--- Dataset entries Enclosed Below ---

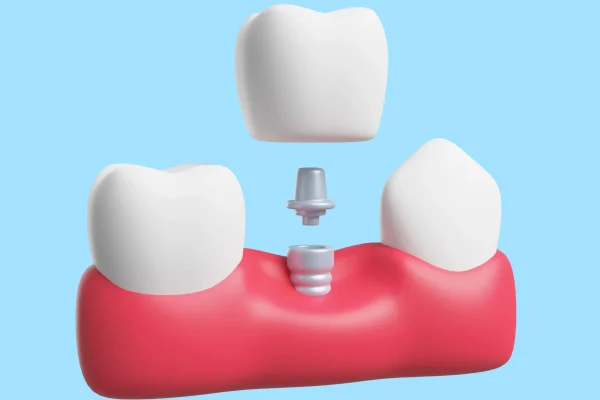 Dental-Bridges-Treatment-in-bavdhan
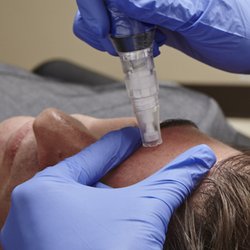 Medical Skin Aesthetics - SkinPen® Elite Microneedling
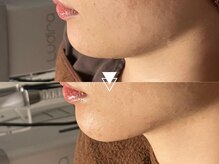 【二重あご/ほうれい線】高密度超音波リフトアップで若々しい印象へ◎凹凸改善にも!スポットフィット￥9980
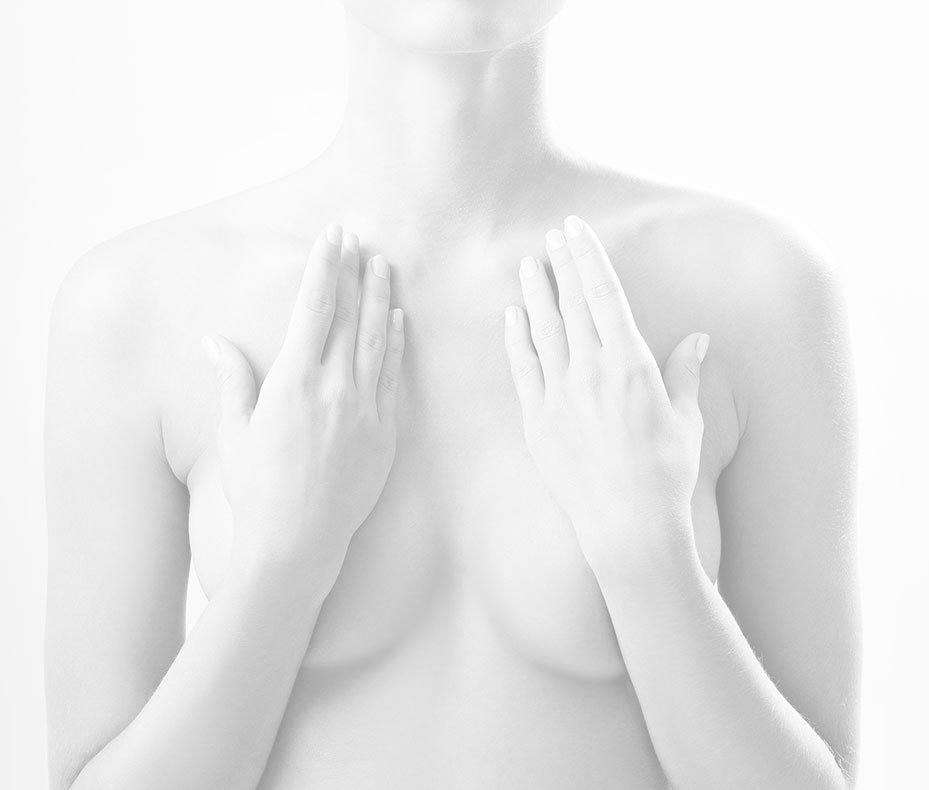 Lifting mammaire à Paris 16 - Chirurgie des seins | Dr Marchac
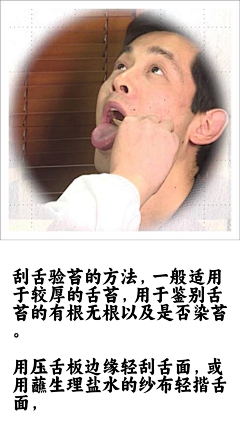阿宅学医记采集到舌诊图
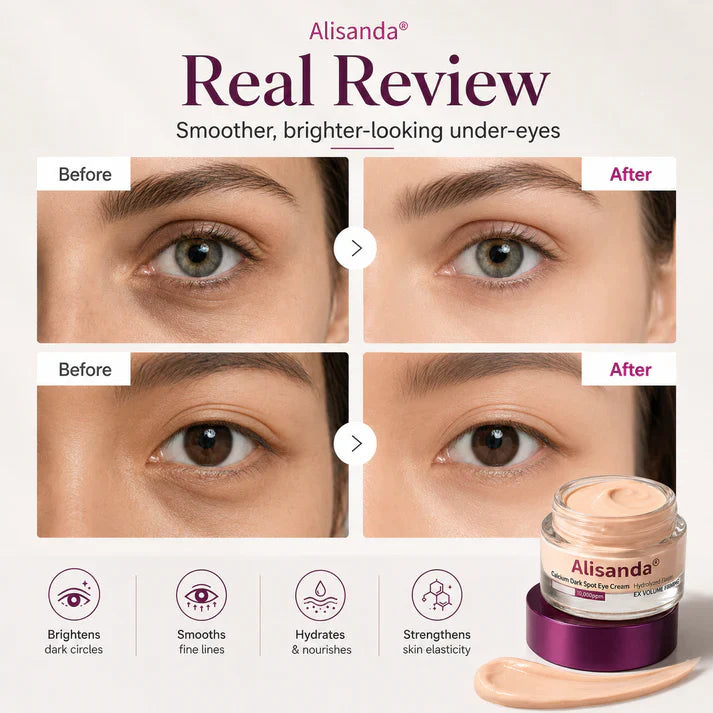 Last day Buy 1 Get 1 Free !✨Alisanda Calcium Dark Spot Eye Cream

--- End of Enclosed Dataset entries ---

» **Brief**:
Starting with the line that contains "Medical Skin Aesthetics", print every remaining line of the records above, exactly as it stands. Do not print the pictures.

» **Result of this exercise**:
 Medical Skin Aesthetics - SkinPen® Elite Microneedling
 【二重あご/ほうれい線】高密度超音波リフトアップで若々しい印象へ◎凹凸改善にも!スポットフィット￥9980
 Lifting mammaire à Paris 16 - Chirurgie des seins | Dr Marchac
阿宅学医记采集到舌诊图
 Last day Buy 1 Get 1 Free !✨Alisanda Calcium Dark Spot Eye Cream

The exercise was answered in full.